Output exactly the lines of the listing below that run from the line with "You're not quite" through the line with "Alright guys so". No pictures.

### GIVEN DATA

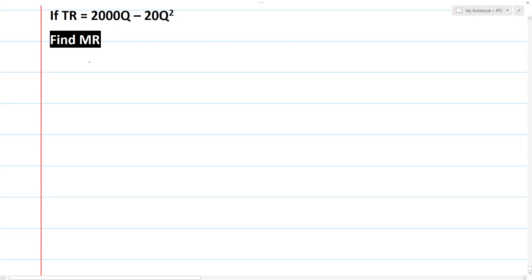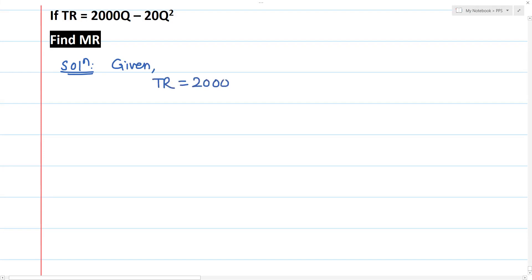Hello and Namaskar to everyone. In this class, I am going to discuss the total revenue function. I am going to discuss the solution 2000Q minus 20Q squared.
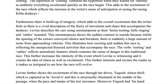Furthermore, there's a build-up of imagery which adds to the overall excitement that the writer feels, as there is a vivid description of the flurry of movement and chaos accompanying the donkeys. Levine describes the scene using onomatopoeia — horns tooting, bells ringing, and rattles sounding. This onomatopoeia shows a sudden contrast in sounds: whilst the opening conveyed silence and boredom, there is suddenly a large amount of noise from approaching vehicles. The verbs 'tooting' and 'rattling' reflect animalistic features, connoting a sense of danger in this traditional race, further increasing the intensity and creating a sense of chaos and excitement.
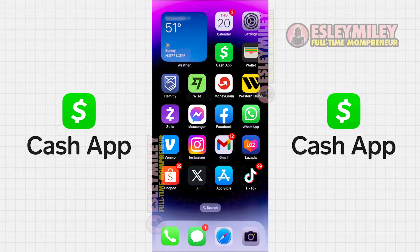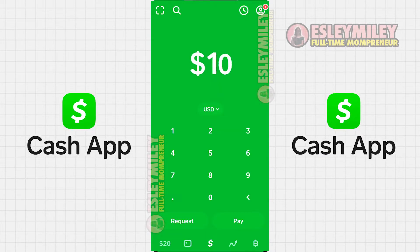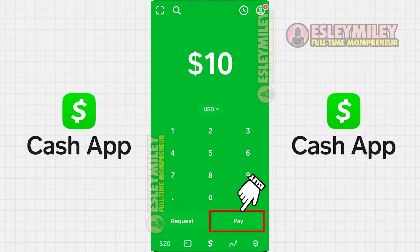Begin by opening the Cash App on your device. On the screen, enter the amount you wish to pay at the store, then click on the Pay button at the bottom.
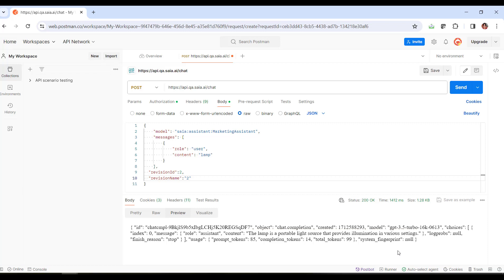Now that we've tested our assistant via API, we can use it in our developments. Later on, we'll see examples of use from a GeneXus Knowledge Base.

######
### GIVEN DATA

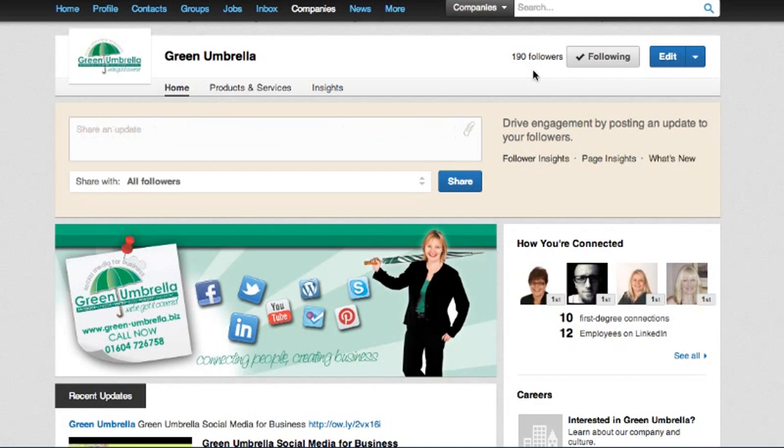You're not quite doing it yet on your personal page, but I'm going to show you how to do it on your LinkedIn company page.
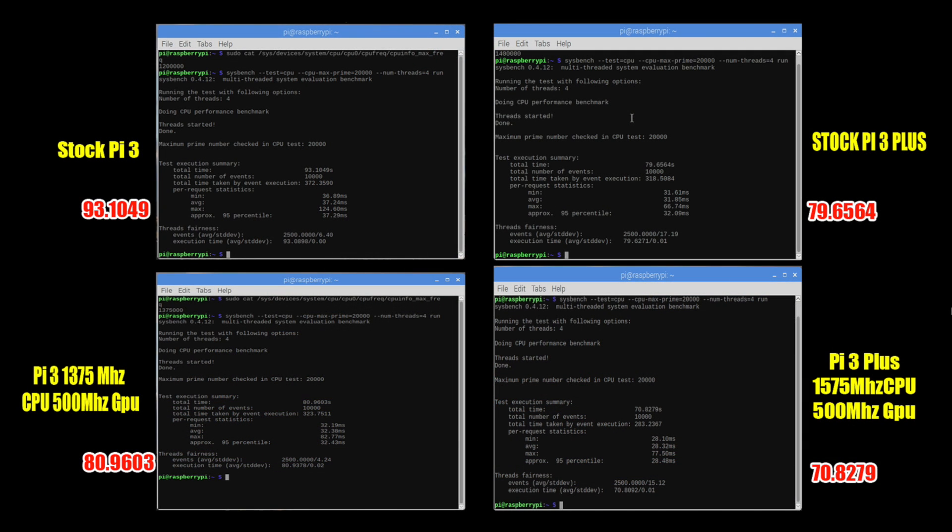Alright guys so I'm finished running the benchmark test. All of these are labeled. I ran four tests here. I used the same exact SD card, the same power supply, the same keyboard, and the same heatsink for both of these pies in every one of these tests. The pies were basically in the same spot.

######
### GIVEN DATA

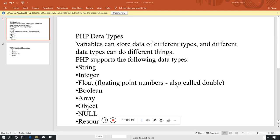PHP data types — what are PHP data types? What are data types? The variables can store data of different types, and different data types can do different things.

######

> RESULT FOR THIS EXERCISE
You're not quite doing it yet on your personal page, but I'm going to show you how to do it on your LinkedIn company page.
Alright guys so I'm finished running the benchmark test. All of these are labeled. I ran four tests here. I used the same exact SD card, the same power supply, the same keyboard, and the same heatsink for both of these pies in every one of these tests. The pies were basically in the same spot.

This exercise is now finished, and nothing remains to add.